Omit the pictures and return exactly the stretch of the material below from the line with "Gesichter aus Obst" through the line with "Bride in an".

> INFORMATION PROVIDED:

..........

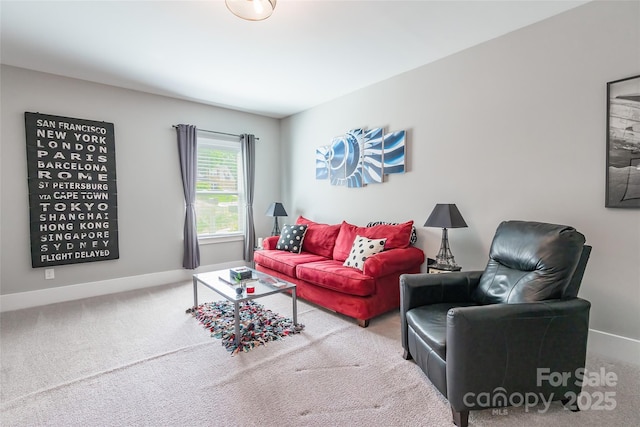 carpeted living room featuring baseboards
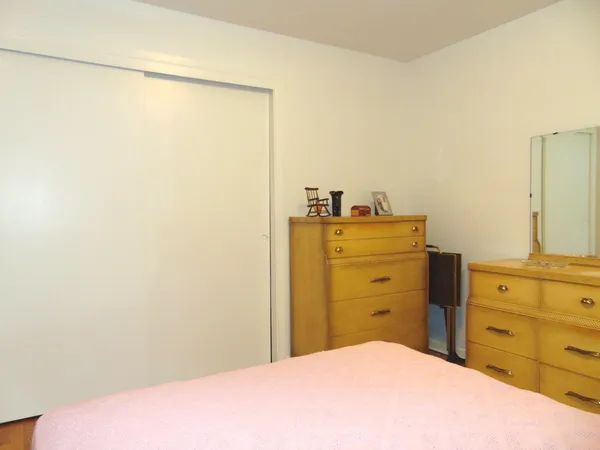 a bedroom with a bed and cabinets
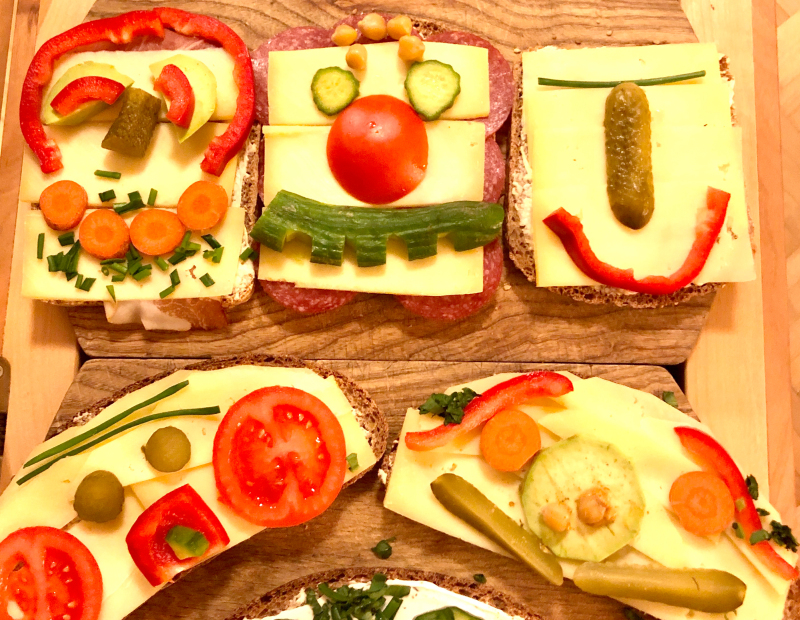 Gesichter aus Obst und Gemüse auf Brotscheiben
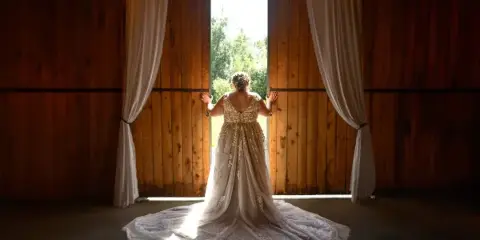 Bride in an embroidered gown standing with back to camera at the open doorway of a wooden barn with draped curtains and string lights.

..........

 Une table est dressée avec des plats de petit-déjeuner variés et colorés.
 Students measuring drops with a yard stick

..........

> TASK OUTPUT:
 Gesichter aus Obst und Gemüse auf Brotscheiben
 Bride in an embroidered gown standing with back to camera at the open doorway of a wooden barn with draped curtains and string lights.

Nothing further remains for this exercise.